Tag Archives: processed foods

Chemicals and Infertility: Start With The Food We Eat

 

I was thrilled to see a post on Resolve’s Facebook page talking about them moderating a panel at a US Senate briefing regarding the impact of chemicals on infertility.

It mentions that they want a couple to express concerns about how chemicals in our products, homes and workplaces can interfere with conception and infertility.

How about starting with the food products in our home?

Up until a year ago, we honestly thought we ate a healthy balance of protein, vegetables and fruit, and everything else in “moderation”.

We were in for a rude awakening.

Just over a year ago, Lisa hired a personal trainer.

After 10 years of trying to lose weight she had battled since Elliana was born, and being frustrated with still being on blood pressure medication, she felt that the 5 days a week of exercise was just not enough.

The trainer she hired told her something I’d never heard:

Her success would be based on 20% exercise and 80% nutrition.

We also learned that about 80% of what we were eating was chemically altered crap.

And it wasn’t the obvious culprits like chips, and donuts, and sugary breakfast cereals.

The wheat bread we bought had high fructose corn syrup.  The wheat in that bread was genetically modified.

Translation: our bodies didn’t recognize much difference between the bread and the bag of Doritos.

The “convenience” meals were the worst—Mac and Cheese was a staple of our diet.  Quick fix rice dishes and microwaveable food had about 3 days worth of the amount of sodium you need in ONE BOX.

The fat free foods—in the words of Lisa’s chiropractor:  a chemical shit storm.

We learned about chemicals used on the vegetables and fruits we thought were so healthy.

The hormones injected into the meats that we were buying in the grocery store.

So we went to a clean eating diet, that is commonly referred to as “paleo.”

I hate the word paleo because it gives people the impression we are out hunting in our back yard and tearing of the flesh of animals and eating around a bonfire.

It just means the food is not chemically altered.  Organic meat, organic vegetables, and organic fruits.

Nothing in a box.  No brand name breads, if we have bread at all.

You’ve probably read Lisa’s posts about the results:

She went from a size 16 to size 4 in one year.  Off blood pressure meds for a year.  A fibroid the size of a doorknob: disappeared.

Elliana lost 20 pounds over the summer, has more energy now that has helped her not only get into competitive dancing, but given her sustained concentration and fewer emotional meltdowns, resulting in her 3rd quarter of high honors.

I have more energy than I did in my twenties, my concentration level at work is off the charts, and I never get that 3pm “sleepy” thing I started battling with when I turned 45.

The one thing we never really adjusted was our eating habits when we were going through infertility.

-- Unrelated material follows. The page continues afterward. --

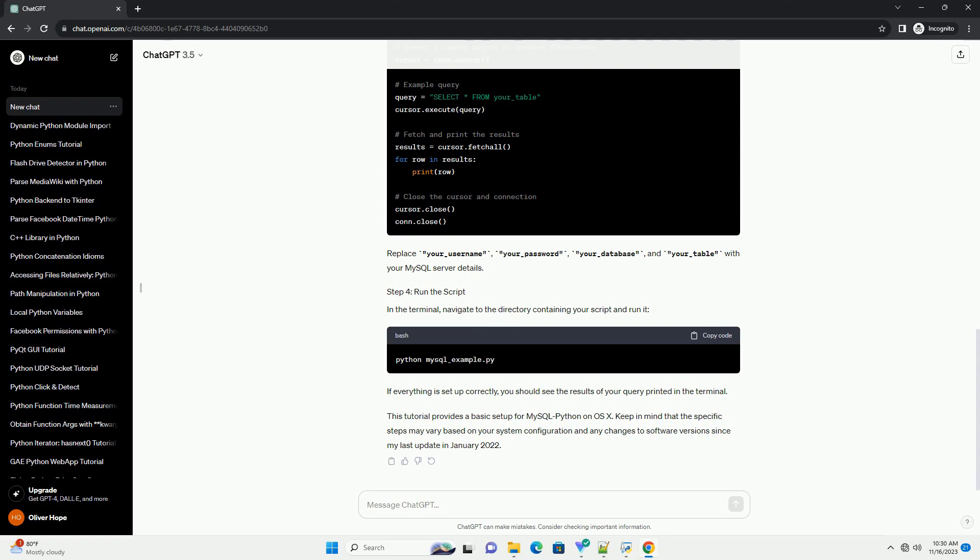In the terminal, navigate to the directory containing your script and run it. If everything is set up correctly, you should see the results of your query printed in the terminal. This tutorial provides a basic setup for MySQL Python on OS X. Keep in mind that the specific steps may vary based on your system configuration and any changes to software versions since my last update in January 2022.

In fact, “comfort” foods were a staple when a cycle failed and we wanted to drown our tears in a bag of popcorn and an escape movie fest, or in a pint of ice cream.

I have read a lot lately about how inflammatory diets can contribute to all kinds of inflammatory diseases and health issues.

Endometriosis is an inflammatory disease that Lisa battled with.  Perhaps an anti-inflammatory diet would have at least made the flare ups more bearable.

My low sperm count was unexplained.  Maybe eating an anti-inflammatory diet could have improved things.

I guess the scary thing is, if the food in our pantry was filled with chemicals, adding household cleaning products, and workplace chemical exposure make it easy to argue that conception and infertility could be adversely affected.

Bravo to The Safer Chemicals Healthy Families Coalition for bringing a bill that seeks to reform how chemicals are regulated to the Senate.

Hopefully the bill will address the chemicals that end up inside us from our daily diet, in addition to all the other chemical exposure we are in contact with around us.